The five most common cancers in men were prostate (25% of all male cancer cases), lung (14%), bowel (14%), bladder (5%) and non-Hodgkin lymphoma (4%). The five most common causes of male cancer death were: lung (24% of all male cancer deaths), prostate (13%), bowel (10%), oesophagus (6%) and pancreas (5%) (Reference: Cancer Research UK).

Circulatory diseases

Although more women than men in the UK die from all diseases of the circulatory system (including stroke), men are more likely to die prematurely.

In the UK in 2010, 49% of all age deaths from circulatory diseases were male as were 58% of all age deaths from coronary heart disease (CHD) alone (Reference: BHF).

An analysis of premature (under 75 years) deaths specifically shows that 68% of all circulatory disease deaths were male as were 75% of CHD deaths and 56% of stroke deaths (Reference: BHF).

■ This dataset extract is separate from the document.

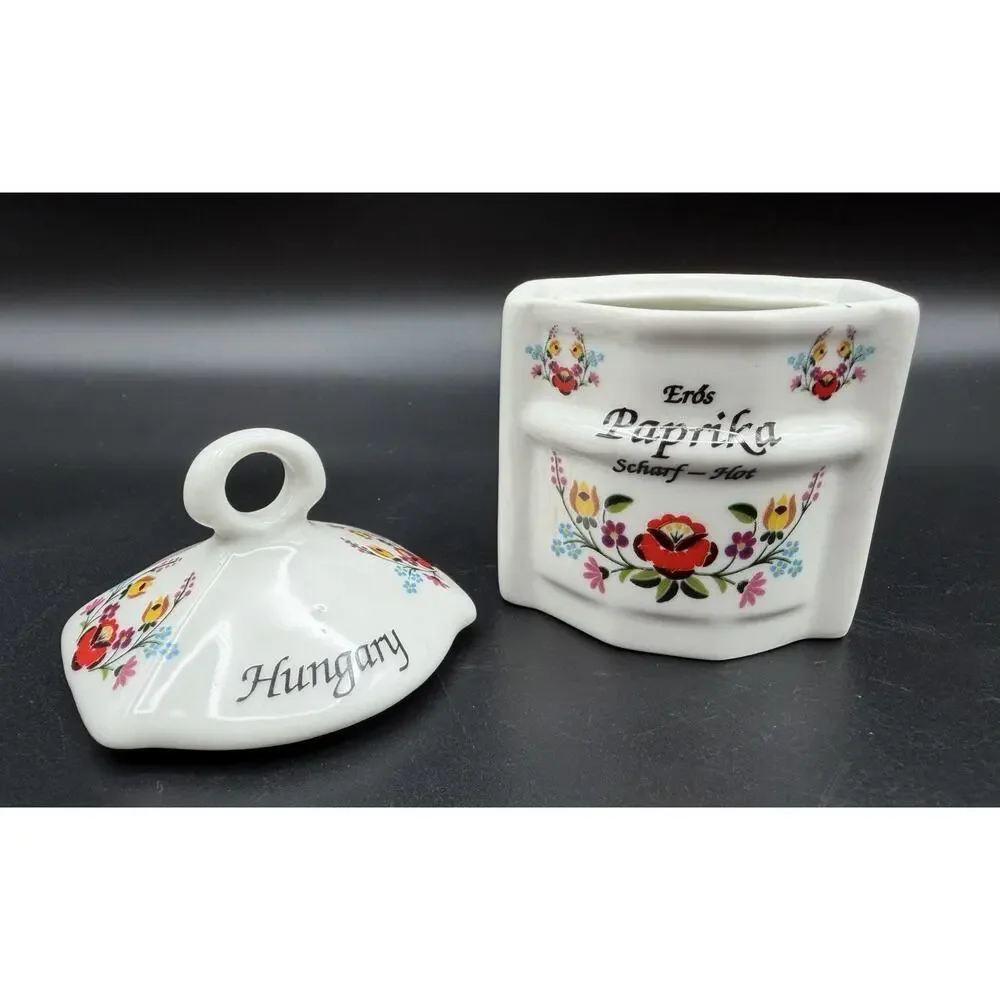 Hungary PAPRIKA Floral Ceramic Lidded Spice Container 4” with Wood Scoop Vintage
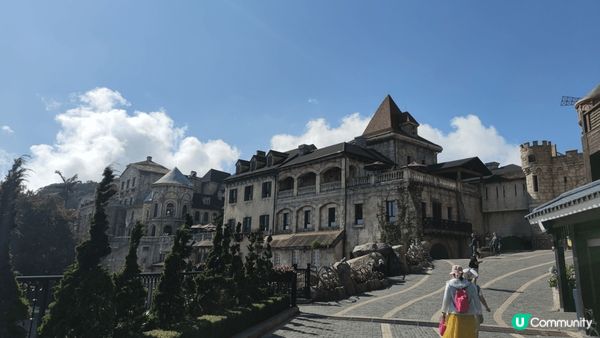 喜歡峴港巴拿山公園，園內有室內室外遊樂場，有花園區，風景區，...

The age-specific death rate per 100,000 population from CHD in the UK in 2010 was 15 for men and 4 for women in the 35-44 age group, 62 for men and 14 for women in the 45-54 group, 165 for men and 40 for women in the 55-64 group, and 396 for men and 148 for women in the 65-74 group (Reference: BHF).

In England in 2010, the death rate from myocardial infarction per 100,000 population for men under 75 was 20.3 and for women 6.3 (Reference: BHF).